> [Work instructions] Down to the last line below, write out every line exactly, starting with the one that contains "Tchibo 530178 Edu Crema Gold 500Gwb" and leaving out the pictures.

> [Given records]
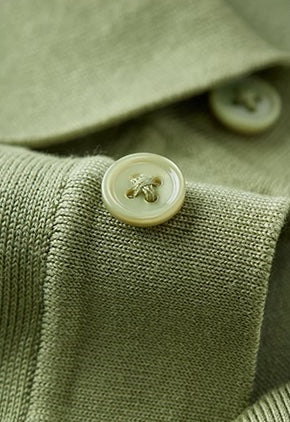 POLOSHIRT MIT KNOPFLEISTE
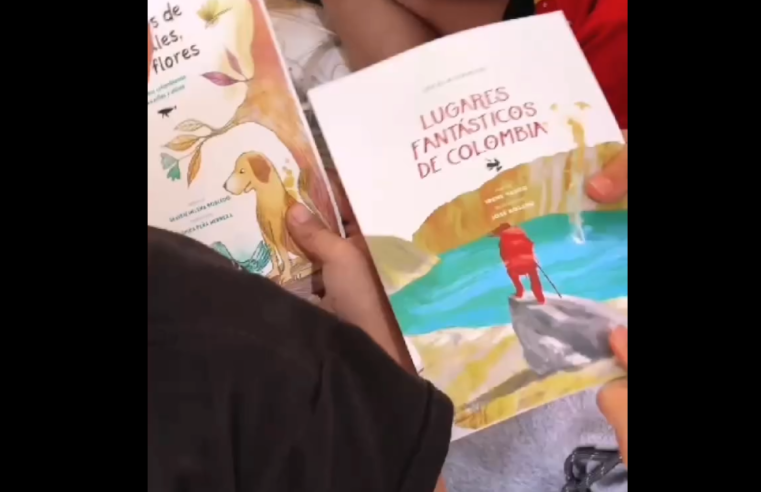 Celebración con los niños en San Martín fortaleció la |lectura| y la comunidad + Video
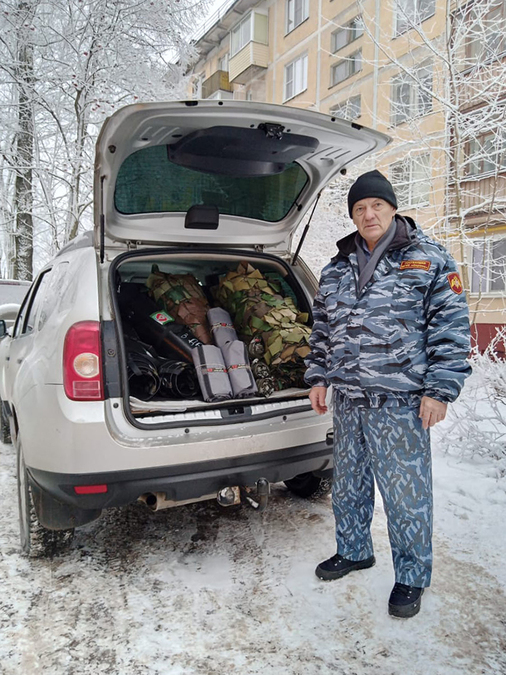  Вклад ветерана в нашу ПОБЕДУ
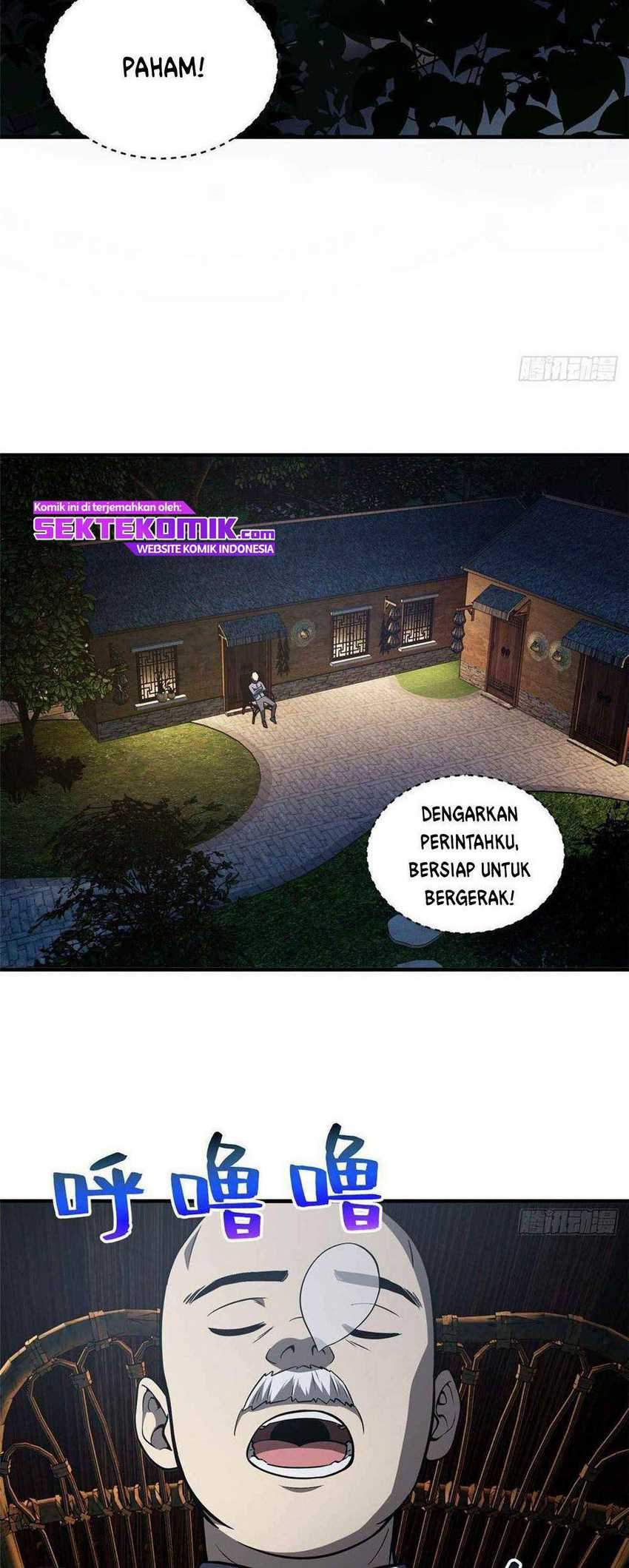 Global Gao Wu Chapter 87 Gambar 23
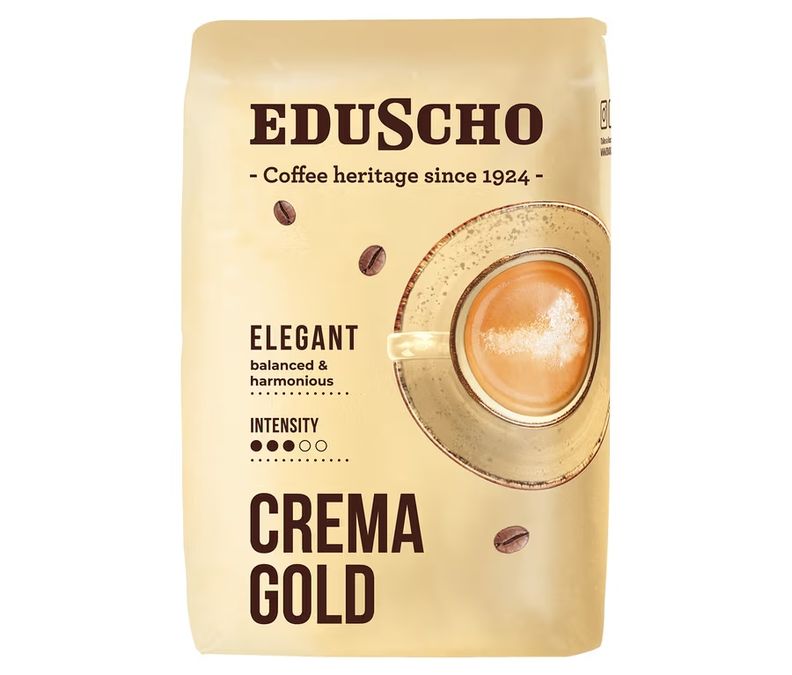 Tchibo 530178 Edu Crema Gold 500Gwb
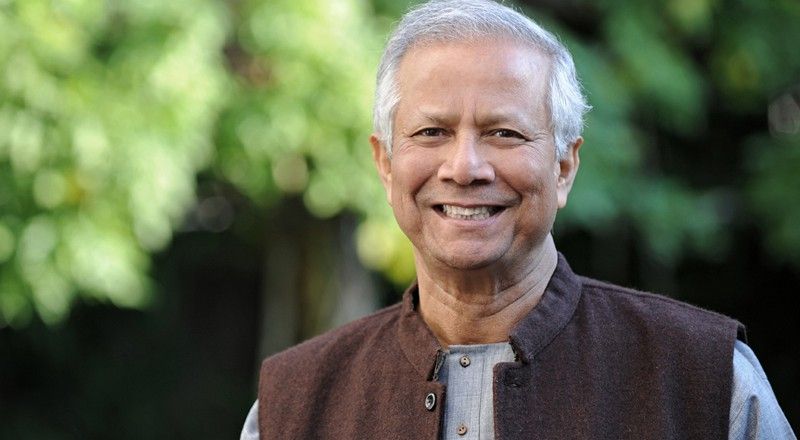 6 lessons for young social entrepreneurs from Muhammad Yunus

> [Answer space]
 Tchibo 530178 Edu Crema Gold 500Gwb
 6 lessons for young social entrepreneurs from Muhammad Yunus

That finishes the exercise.